Task to carry out
Output the line that contains "842 Southwest 3rd" and each line after it in the listing, exactly as they appear, through the very last line.

:: Provided data

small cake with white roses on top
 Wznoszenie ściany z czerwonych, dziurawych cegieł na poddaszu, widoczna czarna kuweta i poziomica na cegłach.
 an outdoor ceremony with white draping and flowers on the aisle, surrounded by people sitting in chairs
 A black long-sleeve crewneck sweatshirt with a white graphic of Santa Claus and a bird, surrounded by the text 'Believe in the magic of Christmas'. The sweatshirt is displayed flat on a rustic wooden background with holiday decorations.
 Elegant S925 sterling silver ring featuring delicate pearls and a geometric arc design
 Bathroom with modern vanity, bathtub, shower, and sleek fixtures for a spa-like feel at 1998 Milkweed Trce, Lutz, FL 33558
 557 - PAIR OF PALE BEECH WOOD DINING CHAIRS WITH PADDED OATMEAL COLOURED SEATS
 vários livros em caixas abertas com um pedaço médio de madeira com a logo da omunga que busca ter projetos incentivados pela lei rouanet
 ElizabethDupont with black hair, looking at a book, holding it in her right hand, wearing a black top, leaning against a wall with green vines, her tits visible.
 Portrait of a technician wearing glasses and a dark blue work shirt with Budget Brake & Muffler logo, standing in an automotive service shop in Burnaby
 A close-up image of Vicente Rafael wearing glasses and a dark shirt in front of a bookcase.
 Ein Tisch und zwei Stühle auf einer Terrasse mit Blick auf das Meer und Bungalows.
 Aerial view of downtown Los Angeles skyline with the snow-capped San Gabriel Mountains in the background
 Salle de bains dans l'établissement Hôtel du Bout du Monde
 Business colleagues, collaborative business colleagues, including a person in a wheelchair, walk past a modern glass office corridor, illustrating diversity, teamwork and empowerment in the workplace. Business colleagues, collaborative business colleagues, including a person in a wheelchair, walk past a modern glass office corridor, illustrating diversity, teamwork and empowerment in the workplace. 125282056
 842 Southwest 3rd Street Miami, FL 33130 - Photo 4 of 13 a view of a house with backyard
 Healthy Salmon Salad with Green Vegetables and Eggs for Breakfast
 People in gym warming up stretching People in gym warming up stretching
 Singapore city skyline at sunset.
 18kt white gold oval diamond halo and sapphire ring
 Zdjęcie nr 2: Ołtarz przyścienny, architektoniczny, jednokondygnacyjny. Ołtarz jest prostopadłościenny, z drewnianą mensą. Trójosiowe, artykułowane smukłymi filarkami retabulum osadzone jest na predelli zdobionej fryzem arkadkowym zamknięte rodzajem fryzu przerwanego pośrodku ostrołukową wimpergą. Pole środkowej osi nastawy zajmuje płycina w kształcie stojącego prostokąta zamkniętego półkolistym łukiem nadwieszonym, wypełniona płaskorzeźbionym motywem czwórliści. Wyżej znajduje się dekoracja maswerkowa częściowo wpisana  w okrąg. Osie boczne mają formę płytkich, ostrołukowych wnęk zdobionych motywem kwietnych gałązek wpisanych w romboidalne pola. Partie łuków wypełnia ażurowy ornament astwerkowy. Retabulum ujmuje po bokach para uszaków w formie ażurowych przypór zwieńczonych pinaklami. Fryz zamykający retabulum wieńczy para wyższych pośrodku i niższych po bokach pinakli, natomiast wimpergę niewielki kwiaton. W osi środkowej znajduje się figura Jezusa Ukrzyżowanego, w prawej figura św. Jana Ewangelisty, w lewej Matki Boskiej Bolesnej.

::::

Response below
 842 Southwest 3rd Street Miami, FL 33130 - Photo 4 of 13 a view of a house with backyard
 Healthy Salmon Salad with Green Vegetables and Eggs for Breakfast
 People in gym warming up stretching People in gym warming up stretching
 Singapore city skyline at sunset.
 18kt white gold oval diamond halo and sapphire ring
 Zdjęcie nr 2: Ołtarz przyścienny, architektoniczny, jednokondygnacyjny. Ołtarz jest prostopadłościenny, z drewnianą mensą. Trójosiowe, artykułowane smukłymi filarkami retabulum osadzone jest na predelli zdobionej fryzem arkadkowym zamknięte rodzajem fryzu przerwanego pośrodku ostrołukową wimpergą. Pole środkowej osi nastawy zajmuje płycina w kształcie stojącego prostokąta zamkniętego półkolistym łukiem nadwieszonym, wypełniona płaskorzeźbionym motywem czwórliści. Wyżej znajduje się dekoracja maswerkowa częściowo wpisana  w okrąg. Osie boczne mają formę płytkich, ostrołukowych wnęk zdobionych motywem kwietnych gałązek wpisanych w romboidalne pola. Partie łuków wypełnia ażurowy ornament astwerkowy. Retabulum ujmuje po bokach para uszaków w formie ażurowych przypór zwieńczonych pinaklami. Fryz zamykający retabulum wieńczy para wyższych pośrodku i niższych po bokach pinakli, natomiast wimpergę niewielki kwiaton. W osi środkowej znajduje się figura Jezusa Ukrzyżowanego, w prawej figura św. Jana Ewangelisty, w lewej Matki Boskiej Bolesnej.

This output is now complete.